Sparky British computer scientist Karen Spärck Jones FBA (1935–2007) is the woman behind the concept of inverse document frequency and index-term weighting — the principles underpinning modern search engines, including nearly 3.5 billion Google searches every day!
In 2019, The New York Times called her “a pioneer of computer science for work combining statistics and linguistics and an advocate for women in the field.”
Karen Ida Boalth Spärck Jones was born in Huddersfield, U.K., to a Norwegian mother who fled to England during World War II. Following grammar school, a history degree at Cambridge’s Girton College, and a stint as a schoolteacher, she leapt over into computer science. She was initially intrigued by her husband’s work at the Cambridge Language Research Unit — where she later landed her first research position before joining the Cambridge University Computer Laboratory in 1974. Starting in 1999, she held the post of professor of computers and information.
“I think it’s very important to get more women into computing. My slogan is: Computing is too important to be left to men.”
Connecting With Computers
At a time when most scientists were trying to make people use code to talk to computers, Spärck Jones was determined to teach computers to understand us. Fascinated by natural language processing (NLP) and information retrieval, she wanted to program a computer to understand words like “field” that can have many meanings. So, she set about the arduous task of programming a massive thesaurus — the beginning of NLP as we know it today.

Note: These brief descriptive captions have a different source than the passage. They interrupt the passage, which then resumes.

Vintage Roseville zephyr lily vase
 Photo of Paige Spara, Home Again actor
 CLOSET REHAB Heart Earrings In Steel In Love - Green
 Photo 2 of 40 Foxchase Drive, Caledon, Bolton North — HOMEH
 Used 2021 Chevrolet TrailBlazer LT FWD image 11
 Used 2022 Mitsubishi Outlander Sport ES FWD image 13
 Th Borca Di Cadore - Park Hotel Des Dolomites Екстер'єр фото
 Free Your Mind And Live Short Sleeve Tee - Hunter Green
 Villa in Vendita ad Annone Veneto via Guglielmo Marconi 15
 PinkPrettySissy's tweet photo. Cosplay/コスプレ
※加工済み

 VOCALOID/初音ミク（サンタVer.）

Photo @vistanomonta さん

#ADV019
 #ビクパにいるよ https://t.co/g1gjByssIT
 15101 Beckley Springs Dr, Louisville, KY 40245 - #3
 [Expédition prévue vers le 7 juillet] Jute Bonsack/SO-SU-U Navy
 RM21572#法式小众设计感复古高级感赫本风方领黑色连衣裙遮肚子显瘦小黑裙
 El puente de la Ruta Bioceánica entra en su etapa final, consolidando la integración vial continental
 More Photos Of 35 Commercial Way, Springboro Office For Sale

By the 1970s, she had come up with the revolutionary concepts of inverse document frequency (IDF) and index-term weighting. By combining statistics with linguistics, she established formulas that embodied principles for how computers could interpret relationships between words. Today, these principles are at the heart of every modern search engine.
She continued to contribute to computer science until her death in 2007, whether by joining the Alvey Program to support research in knowledge engineering in the U.K. or advocating for more women in computing and technology.
Karen Spärck Jones publishes “Synonymy and Semantic Classification”, now considered as a foundational paper in the field of natural language processing.
Karen Spärck Jones’ seminal 1972 paper in the Journal of Documentation lays the groundwork for the modern search engine.
The Karen Spärck Jones Award
In recognition of Spärck Jones’ achievements in information retrieval (IR) and natural language processing (NLP), the Karen Spärck Jones Award has been given annually since 2008 for outstanding research in one or both fields.